(Short descriptive text snippets)
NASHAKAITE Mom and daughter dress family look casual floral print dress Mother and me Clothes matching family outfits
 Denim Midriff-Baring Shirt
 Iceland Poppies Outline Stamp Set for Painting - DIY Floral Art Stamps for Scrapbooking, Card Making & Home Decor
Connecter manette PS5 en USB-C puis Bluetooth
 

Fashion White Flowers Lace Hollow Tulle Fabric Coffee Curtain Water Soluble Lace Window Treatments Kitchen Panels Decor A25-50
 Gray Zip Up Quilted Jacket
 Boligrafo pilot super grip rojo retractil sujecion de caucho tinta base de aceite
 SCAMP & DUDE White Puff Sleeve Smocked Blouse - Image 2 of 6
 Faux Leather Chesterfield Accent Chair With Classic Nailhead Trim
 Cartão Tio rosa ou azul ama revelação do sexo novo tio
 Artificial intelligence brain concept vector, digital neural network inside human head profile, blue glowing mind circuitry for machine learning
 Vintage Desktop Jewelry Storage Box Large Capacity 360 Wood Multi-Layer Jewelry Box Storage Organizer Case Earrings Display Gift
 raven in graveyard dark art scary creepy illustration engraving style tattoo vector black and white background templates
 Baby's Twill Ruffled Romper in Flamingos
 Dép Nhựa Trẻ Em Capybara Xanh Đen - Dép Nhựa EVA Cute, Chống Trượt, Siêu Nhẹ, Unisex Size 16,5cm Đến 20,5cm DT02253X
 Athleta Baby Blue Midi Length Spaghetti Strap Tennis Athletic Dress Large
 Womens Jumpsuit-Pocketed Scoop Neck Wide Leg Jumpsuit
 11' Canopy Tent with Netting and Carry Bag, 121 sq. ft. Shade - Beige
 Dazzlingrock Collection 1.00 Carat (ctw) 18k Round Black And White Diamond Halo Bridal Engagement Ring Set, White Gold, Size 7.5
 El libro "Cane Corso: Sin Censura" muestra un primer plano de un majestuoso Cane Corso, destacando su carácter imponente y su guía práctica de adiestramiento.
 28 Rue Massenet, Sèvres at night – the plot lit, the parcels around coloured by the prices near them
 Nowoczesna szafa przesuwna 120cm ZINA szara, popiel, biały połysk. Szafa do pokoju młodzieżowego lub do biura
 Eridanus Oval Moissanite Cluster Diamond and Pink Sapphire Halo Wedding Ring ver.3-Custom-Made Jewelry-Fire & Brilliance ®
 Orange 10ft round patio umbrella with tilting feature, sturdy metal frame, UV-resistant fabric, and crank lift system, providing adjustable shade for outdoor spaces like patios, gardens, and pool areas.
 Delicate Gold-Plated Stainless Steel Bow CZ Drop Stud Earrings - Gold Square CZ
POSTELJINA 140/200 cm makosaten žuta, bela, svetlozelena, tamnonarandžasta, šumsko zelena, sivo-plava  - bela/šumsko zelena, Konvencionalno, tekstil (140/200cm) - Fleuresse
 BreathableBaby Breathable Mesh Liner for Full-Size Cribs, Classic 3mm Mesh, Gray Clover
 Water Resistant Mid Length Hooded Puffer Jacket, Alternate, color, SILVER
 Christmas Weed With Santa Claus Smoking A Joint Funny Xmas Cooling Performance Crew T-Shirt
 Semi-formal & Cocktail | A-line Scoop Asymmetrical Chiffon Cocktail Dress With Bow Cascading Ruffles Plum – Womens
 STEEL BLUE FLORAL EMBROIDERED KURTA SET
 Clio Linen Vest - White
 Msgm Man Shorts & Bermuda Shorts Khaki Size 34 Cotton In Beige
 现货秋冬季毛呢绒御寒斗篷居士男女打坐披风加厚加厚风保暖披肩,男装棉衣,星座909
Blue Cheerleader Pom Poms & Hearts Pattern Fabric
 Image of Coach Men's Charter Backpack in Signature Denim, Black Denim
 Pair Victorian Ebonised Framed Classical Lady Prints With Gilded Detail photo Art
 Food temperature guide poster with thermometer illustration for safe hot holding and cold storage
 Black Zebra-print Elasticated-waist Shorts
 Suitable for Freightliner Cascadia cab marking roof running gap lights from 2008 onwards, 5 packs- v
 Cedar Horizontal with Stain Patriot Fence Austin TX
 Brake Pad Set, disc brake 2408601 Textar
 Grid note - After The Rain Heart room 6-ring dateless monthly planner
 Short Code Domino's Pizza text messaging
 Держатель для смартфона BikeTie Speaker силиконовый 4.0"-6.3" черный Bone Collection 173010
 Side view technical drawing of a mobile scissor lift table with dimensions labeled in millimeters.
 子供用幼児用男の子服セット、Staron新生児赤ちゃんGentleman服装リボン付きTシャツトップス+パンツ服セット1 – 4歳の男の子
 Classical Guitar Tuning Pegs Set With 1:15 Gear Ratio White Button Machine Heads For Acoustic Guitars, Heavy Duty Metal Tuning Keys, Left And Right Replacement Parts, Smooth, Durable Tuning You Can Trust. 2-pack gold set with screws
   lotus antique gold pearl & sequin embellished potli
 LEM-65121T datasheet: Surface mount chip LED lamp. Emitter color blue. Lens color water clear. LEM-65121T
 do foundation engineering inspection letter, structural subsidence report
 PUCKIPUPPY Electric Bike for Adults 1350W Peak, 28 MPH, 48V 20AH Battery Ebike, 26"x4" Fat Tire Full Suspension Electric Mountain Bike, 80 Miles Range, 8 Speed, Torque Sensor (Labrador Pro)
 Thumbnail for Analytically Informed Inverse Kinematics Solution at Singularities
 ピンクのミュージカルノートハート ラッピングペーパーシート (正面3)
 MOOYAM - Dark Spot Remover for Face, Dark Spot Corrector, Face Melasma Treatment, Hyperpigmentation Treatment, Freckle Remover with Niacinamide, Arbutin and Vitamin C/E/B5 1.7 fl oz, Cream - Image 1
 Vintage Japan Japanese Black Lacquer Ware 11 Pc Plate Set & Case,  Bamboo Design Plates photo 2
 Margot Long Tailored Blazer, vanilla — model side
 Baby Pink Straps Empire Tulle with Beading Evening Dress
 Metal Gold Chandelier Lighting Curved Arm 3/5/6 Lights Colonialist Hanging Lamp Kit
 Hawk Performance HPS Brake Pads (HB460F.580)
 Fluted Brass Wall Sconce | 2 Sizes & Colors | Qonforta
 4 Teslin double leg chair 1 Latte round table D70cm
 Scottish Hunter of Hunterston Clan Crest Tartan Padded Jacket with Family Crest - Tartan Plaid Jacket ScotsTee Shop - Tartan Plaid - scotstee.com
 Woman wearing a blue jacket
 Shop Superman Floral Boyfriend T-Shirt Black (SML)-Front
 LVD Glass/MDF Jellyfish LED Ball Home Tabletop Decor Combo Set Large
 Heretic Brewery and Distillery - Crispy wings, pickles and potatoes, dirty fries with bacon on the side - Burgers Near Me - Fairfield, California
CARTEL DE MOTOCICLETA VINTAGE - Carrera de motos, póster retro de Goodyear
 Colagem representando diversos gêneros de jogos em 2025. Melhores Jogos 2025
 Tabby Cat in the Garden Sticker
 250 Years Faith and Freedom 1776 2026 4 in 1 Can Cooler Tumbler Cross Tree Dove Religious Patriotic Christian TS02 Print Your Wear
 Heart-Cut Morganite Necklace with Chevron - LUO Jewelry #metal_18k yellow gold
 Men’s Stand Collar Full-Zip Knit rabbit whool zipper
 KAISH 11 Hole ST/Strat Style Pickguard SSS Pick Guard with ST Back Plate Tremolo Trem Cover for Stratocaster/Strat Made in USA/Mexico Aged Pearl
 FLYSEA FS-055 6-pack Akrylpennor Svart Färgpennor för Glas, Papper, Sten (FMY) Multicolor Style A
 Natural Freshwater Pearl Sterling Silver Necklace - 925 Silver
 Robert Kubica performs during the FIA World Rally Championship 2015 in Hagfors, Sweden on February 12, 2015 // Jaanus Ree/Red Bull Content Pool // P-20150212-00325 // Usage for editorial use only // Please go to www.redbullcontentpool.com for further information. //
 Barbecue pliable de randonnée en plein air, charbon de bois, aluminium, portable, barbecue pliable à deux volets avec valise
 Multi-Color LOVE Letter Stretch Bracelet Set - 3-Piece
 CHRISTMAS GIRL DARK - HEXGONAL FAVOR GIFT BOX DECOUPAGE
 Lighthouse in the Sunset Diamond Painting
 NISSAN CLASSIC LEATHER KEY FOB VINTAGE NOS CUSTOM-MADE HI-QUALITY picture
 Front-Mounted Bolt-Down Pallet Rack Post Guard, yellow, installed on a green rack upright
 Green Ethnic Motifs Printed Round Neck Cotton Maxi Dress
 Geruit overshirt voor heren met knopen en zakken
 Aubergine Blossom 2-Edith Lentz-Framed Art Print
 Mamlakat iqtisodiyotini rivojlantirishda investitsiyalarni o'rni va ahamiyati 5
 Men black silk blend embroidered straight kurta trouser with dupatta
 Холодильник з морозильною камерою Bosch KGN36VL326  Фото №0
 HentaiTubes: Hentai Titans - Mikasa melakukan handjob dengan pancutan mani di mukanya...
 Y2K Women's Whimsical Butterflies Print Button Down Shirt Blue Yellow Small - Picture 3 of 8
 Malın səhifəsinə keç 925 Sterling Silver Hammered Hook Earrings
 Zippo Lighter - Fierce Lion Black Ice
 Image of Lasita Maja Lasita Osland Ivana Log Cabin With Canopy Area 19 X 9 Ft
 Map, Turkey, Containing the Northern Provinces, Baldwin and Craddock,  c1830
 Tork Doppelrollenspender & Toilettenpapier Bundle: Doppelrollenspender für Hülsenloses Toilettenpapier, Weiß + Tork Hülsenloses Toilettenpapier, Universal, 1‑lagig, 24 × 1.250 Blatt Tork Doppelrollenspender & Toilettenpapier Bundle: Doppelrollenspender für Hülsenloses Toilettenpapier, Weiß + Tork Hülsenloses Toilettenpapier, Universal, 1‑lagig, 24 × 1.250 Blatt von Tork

◆ Exercise description ◆
Give only the lines from the one holding "ピンクのミュージカルノートハート ラッピングペーパーシート (正面3)" through the one holding "Vintage Japan Japanese", each restated exactly as it appears above.

◆ Response to the exercise ◆
 ピンクのミュージカルノートハート ラッピングペーパーシート (正面3)
 MOOYAM - Dark Spot Remover for Face, Dark Spot Corrector, Face Melasma Treatment, Hyperpigmentation Treatment, Freckle Remover with Niacinamide, Arbutin and Vitamin C/E/B5 1.7 fl oz, Cream - Image 1
 Vintage Japan Japanese Black Lacquer Ware 11 Pc Plate Set & Case,  Bamboo Design Plates photo 2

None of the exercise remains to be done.